Así firmaba sus notas, con apellido paterno y materno, algo inusual en Uruguay. Primero lo conocí como vecino: vivíamos a 30 metros, nos cruzábamos en el cine Roi, que estaba en Bulevar Artigas y Garibaldi, y en el salón Mavi, sobre Garibaldi y Monte Caseros, en el que canjeábamos revistas. Pero donde trabé contacto con él fue en el diario La República, en 1988, en el que Raúl Forlán Lamarque (1959-2014) se desempeñó como crítico cultural y yo cubrí la crónica sindical. En la redacción del diario ya no nos separaban 30 metros sino 30 centímetros. No de muchas personas uno puede decir que hay un antes y después. Antes de Raúl había crecido con música, y había escuchado de todo un poco. Pero jamás había hablado sobre compositores, bandas y discos; o sí había hablado, pero no como una necesidad. Antes de Raúl me había expuesto a sesiones pentatónicas en Cinemateca por placer. Pero luego no sentía esa pulsión incontenible de analizar las películas. Gracias a Raúl, la disposición analítica, que aplicaba a las disciplinas sociales y al teatro, se expandió a otros dos universos: la música y el cine. Sobre todo, cierta música y cierto cine. Porque Raúl no sólo me contagió su pasión analítica por nuevos campos artísticos, también fue un inventario de intereses estéticos, un maestro involuntario. Por él me acerqué a un rock y un cine que no conocía. Leía sus críticas y después, con generosidad, me devolvía comentarios a mis notas, fuera en la redacción o en bares.

Conversar con él era una experiencia de esas de las que es mejor no definir para no limitar.

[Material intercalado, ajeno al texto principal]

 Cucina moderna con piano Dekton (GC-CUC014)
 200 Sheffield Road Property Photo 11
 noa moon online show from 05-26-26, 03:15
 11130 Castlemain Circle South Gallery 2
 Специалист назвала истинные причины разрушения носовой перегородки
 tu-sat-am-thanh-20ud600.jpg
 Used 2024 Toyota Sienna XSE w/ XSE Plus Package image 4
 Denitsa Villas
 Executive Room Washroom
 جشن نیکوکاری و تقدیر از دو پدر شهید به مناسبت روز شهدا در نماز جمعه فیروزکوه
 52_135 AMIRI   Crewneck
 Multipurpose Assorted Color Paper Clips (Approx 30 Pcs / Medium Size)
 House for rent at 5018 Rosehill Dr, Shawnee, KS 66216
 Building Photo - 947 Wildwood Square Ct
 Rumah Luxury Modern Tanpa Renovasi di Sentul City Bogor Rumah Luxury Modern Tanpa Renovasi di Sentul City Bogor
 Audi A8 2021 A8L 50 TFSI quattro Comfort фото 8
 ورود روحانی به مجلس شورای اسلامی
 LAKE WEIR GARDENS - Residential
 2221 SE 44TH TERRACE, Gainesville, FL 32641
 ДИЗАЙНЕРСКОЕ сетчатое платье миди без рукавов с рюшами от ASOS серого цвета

Por lo que decía y por cómo lo decía: porque había un poeta dentro del periodista. Y dentro del poeta, un extranjero; un ajeno. No ajeno a él mismo: al contrario, estaba vinculado a sus emociones y a sus ideas como pocos. Pero sí ajeno al mundo. Alejandra Pizarnik decía que todos somos extranjeros pero que el poeta es “el más extranjero”. De esos mundos “sutiles y gentiles”, intangibles y hondos, estaba hecho Forlán. No creo que sus dos libros de poesía Puntos de apoyo y Diario del freak, por pulsar cuerdas sensibles, lo nombren por completo. Nunca fue la suma de sus libros ni de sus notas, aun cuando también estas últimas levantasen vuelo y fueran prosa poética más que crónica de época.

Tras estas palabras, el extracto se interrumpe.